I wish the 10gen folks would do some work on various issues that have been in MongoDB for a long time. For me the most serious one is data size. Storage is pretty terrible, especially compared to CPU these days. I would far prefer the use of more CPU in order to reduce storage.
Records in a collection mostly use the same set of keys. Every record includes the full key which makes the storage that much larger. Strings can interned and replaced with a far smaller numerical token to reduce storage. (I'd be happy for it to be attempted for string values as well.)
The other is compression which is a straight forward cpu versus storage tradeoff.
The lack of compression has a huge effect on working set size, especially as the BSON representation doesn't really save space just CPU.
Mongo's behaviour when the working set exceed memory size used to be pretty terrible. (I moved on from the relevant project so I don't know how much of an issue it still is.) https://jira.mongodb.org/browse/SERVER-574 - essentialy what happens is that Mongo keeps trying to execute queries rather than throttling to let existing ones finish which causes even more thrashing and longer query times.
Reducing the memory consumption would curtail the onset of that.
I've seen your posting before, but don't see the relevance. Our indices are a trivial portion of our data size, and even if they were zero bytes in size it wouldn't make an appreciable difference to the data size.
Though you are right, the architecture we tried earlier, when we were doing a proof of concept, would not have helped with compression. Back then we were trying to play nice with mongodb's data format and keep its legacy indexes around. It turned out that for many reasons (concurrency, recovery, and compression, and a few others), it was a lot better to replace all of the storage code, so that's what some of us have been doing the past couple months.
What we are doing now is replacing all of mongodb's storage. So all of the data and all the indexes are in fractal trees. This means we can compress everything (including the field names!) and keep everything nicely defragmented.
That sounds great if you've got large fields with lots of redundancy. In fact, we do this.
But small fields won't compress so well on their own. Often there's a lot of redundancy across records for the same fields which is great for compression. This might be a great way to achieve the benefits of field name tokenization too (which is similar to part of how most compressors work). I'd like to see block compression, rather than field compression .
Hmm...interesting. I don't know if this will work, but you could try storing your MongoDB database on a compressed ZFS partition. Since MongoDB uses mmap, this would have the nice side-effect of your working set remaining uncompressed, and only being compressed when written to or read from disk.
you're not the first person to suggest that to me :) although I haven't thought about using ZFS for this. You're not the only one to suggest ZFS. Why that and not compression in btrfs (or something else entirely)?
_hopefully_ the mmap interface would provide the best of all worlds: mongodb continues to be simple with respect to how it handles getting data from disk and the kernel/fs can do it's magic behind the scenes of mmap. Of course, it could be that mmap + compressed filesystem leads to some unexpected (and bad) perf results. But then again, I've never tried :) have you?

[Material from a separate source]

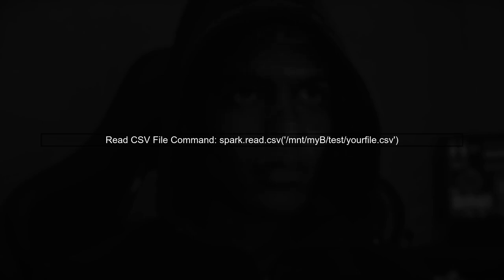If you want to read a specific file or count the number of rows in a CSV file, you can use Spark DataFrame operations. For example, to read a CSV file you can use spark.read.csv("/mnt/my/test/your-file.csv"). To count the number of rows in that CSV file, you can chain the count method like this: df.count(), where df is your DataFrame.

That then means all access has to be done via said wrapper. For example I couldn't continue using the Mongo shell as I occasionally do, or if someone comes up with a handy tool written using a different language than my usual (Python).

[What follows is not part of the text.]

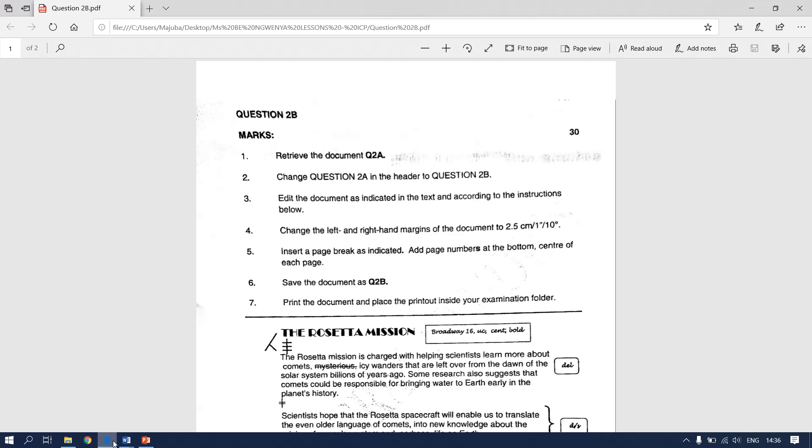Edit the document as indicated in the text and according to instructions below. Change the left and right hand margins of the document to 2.5 cm, 1 inch or 10 degrees.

I don't disagree with your points but do keep in mind they are a large company and work towards new features (such as this query matcher) does not imply they don't also have people working on the features that are important to you.
I have btrfs on my systems, but gave up and got new SSDs with ext4. The copy on write approach is terrible for Mongo's database performance. btrfs doesn't have tools that tell you what the compression ratios etc are so you can't know unless you fill up storage. It is possible to turn off data copy on write, but that also turns off compression! Also MongoDB likes to use lots of 2GB files instead of a single file for the database which makes this sort of stuff even harder to apply.
As a large commercial user of MongoDB (almost 300 instances of it running in production), I've seen some big shifts in 10gen's focus lately. They've really ramped up the customer service, and they are making more regular releases that seem like improvements.
Unfortunately, the better customer service doesn't provide better answers or solutions to problems, and the improvements aren't targeting long standing, basic issues with the platform.
This feature announcement fits the pattern: an improvement, but not in a critical area like indexing, or document-level locking, sharding stability, etc. There are basic fundamentals that need addressing like overcoming the 20K maximum connections per server, or mongos CPU usage. These are the things I deal with in production and that are business critical, but those feature requests sit untouched in JIRA for months or years.
This feature seems interesting, but it solves a problem I don't have. I'd prefer them to solve real world problems.
Because I want to run more than 100 instances of a webserver per mongos process, but I can't because it causes the connections per server to go over 20K.
Right now my application stack is woefully under utilized due to this completely arbitrary decision on their part not to allow the end user to set the connection limit. They've even admitted that they just picked that number four years ago and haven't looked at it since.
Just like they limit replica sets to 12 members maximum. What if I have higher read requirements than that limitation allows? Well, too bad.
I think this points at a fundamental issue with MongoDB at the design level - they don't allow end users to make any decisions about how to configure the product, even if those decisions might turn out bad.
Every Enterprise-level DB allows end user tuning of parameters, so clearly MongoDB isn't Enterprise-level.
To be fair, I educated the client on the alternatives should 10Gen not improve the aggregation framework so that it could do arbitrary transforms without failure should the output size exceed 16MB. [Use other MongoDB mechanisms, custom compilation with higher per-document size cap, etc.] What annoys me is that 10Gen did not mention this incredibly important limitation when they were touting the planned features of 2.2. My client would not have minded had it simply been the case that queries with large result set sizes were somewhat slow. What this client could not tolerate were failures to deliver any results at all. In retrospect, I wish that I had pushed harder for a solution based on the Hadoop stack. While it seems to have its own demons, at least there is an ecosystem dedicated to fixing the most blatant of limitations.
Do I regret choosing MongoDB a couple years ago to augment Postgres for several data analysis applications? Not really. But I do wish Mongo has been more mature. I'm happy to see each step forward taken, but it does bother me that often serious issues get overlooked for press-friendly feature additions. Until Mongo adopts some form of compression I won't be using for new projects aside from personal ones where development ease trumps everything else.